According to government statistics between 3-4 million children ages 3-17 are at risk of exposure to domestic violence each year. Ninety-five percent of these cases involve female victims — typically the child’s monther — at the hands of male partners. But using kids as witnesses in domestic violence cases is a practice often avoided by many law enforcement officers.
Join this recorded webinar, as Hilary Weinberg of the Maricopa County Attorney’s Office and Detective Sergeant Patrick Beumler of the Glendale PD discuss:
- common best practices for law enforcement investigators putting a case together when a domestic violence crime was committed in the presence of a child(ren).
Justice Clearinghouse Editors (JCH): Your webinar is specifically about children in domestic violence cases. Without giving the webinar away, can you help us some of the challenges involved?
Hilary Weinberg: Children are often forgotten witnesses. Many times officers are hesitant to speak to young children or don’t know how to get a forensic interview set up. Additionally, children are easily coached and by the time police show up to a scene, an involved adult has already told the child what to say to the police.
JCH: What are perhaps some of the most common myths or misunderstandings law enforcement or prosecutors might believe regarding children as domestic violence witnesses?
Hilary: Children are sometimes thought of as too young to be witnesses. However, if the child is capable of communicating, reasonable efforts should be made to interview this key witness.
JCH: The work that you do is important, but must be challenging at times. What drew you to this particular area of justice? What keeps you motivated or inspired to keep doing this work?
Breaking the cycle of domestic violence is difficult. Victims are not being attacked by strangers but by those who are closest to them, and getting them to leave their situation or proceed with prosecution when police are involved is often a challenge. Getting a family member away from the domestic abuser is a huge victory.
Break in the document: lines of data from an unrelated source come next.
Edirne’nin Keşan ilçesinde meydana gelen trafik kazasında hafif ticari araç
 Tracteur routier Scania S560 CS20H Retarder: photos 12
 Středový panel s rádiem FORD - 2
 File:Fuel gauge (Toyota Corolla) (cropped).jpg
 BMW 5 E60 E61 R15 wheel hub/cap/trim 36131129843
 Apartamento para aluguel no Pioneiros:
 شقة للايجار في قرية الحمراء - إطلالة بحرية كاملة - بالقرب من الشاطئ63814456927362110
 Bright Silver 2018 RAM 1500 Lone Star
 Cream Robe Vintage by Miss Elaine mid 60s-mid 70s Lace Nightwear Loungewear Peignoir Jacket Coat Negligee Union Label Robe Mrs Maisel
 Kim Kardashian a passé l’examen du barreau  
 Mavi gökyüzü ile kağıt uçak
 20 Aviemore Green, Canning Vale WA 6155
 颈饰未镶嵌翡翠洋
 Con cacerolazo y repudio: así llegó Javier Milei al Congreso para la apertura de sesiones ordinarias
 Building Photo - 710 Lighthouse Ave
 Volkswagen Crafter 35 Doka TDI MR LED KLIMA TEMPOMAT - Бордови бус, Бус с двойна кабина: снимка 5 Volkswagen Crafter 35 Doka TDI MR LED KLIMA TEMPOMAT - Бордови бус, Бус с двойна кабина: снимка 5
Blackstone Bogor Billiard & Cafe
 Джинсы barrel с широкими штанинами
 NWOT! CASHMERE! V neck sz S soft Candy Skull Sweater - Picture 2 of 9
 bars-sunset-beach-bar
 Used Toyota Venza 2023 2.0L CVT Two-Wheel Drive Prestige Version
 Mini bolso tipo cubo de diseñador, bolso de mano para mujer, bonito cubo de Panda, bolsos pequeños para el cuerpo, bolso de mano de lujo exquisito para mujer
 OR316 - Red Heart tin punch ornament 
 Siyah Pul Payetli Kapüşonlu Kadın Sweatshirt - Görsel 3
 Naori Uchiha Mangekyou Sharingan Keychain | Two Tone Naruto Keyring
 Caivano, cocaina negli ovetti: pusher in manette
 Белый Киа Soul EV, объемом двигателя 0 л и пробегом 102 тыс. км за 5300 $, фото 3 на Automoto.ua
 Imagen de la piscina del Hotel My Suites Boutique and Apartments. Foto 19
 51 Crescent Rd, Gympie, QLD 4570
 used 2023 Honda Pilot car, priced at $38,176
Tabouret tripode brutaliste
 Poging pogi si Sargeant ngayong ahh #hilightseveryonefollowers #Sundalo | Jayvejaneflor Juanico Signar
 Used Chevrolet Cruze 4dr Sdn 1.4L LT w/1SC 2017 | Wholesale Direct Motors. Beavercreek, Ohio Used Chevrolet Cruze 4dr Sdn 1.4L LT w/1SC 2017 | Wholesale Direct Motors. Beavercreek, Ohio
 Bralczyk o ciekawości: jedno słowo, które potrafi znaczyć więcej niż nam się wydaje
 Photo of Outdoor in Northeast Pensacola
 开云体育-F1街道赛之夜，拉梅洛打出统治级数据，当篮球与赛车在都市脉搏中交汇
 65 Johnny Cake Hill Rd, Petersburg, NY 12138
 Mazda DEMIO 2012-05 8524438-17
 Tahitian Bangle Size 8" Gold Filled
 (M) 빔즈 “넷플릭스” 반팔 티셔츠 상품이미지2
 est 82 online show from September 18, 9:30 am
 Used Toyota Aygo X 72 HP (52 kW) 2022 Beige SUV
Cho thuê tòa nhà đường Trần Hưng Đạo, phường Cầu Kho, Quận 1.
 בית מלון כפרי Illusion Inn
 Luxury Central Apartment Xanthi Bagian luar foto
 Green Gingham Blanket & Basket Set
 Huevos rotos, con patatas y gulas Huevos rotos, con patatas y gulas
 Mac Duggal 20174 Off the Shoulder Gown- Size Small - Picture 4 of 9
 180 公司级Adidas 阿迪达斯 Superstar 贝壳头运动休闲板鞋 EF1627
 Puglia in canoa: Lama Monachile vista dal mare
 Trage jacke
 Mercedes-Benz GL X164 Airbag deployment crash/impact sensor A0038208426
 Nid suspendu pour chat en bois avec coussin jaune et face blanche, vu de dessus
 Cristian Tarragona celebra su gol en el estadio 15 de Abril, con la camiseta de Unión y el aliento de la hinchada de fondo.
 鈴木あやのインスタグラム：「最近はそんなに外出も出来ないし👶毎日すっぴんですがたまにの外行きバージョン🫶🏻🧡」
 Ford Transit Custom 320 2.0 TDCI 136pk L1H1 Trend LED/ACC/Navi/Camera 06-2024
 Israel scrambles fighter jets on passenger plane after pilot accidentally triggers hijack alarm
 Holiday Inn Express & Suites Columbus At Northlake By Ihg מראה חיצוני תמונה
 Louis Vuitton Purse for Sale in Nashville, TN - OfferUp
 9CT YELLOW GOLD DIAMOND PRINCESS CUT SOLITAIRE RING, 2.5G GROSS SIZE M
Children should be taught that domestic violence is not ok or we will just see the next generation of abusers and victims.
A large number of our readers and subscribers are in law enforcement, but we have representation from all parts of the justice arena. Can you share some specifics of what different types of justice professionals or first responders will gain by attending your webinar? What skills or new knowledge will they gain that they can immediately use the next day on the job?
Patrick: The information from this webinar would be useful for professionals ranging from law enforcement, court personnel, child protective service, victim advocates and any other specialties that may interact with the justice system in regards to children. The information provided will enable participants to have a greater understanding of current best practices in handling the use of children as witnesses throughout the criminal justice process.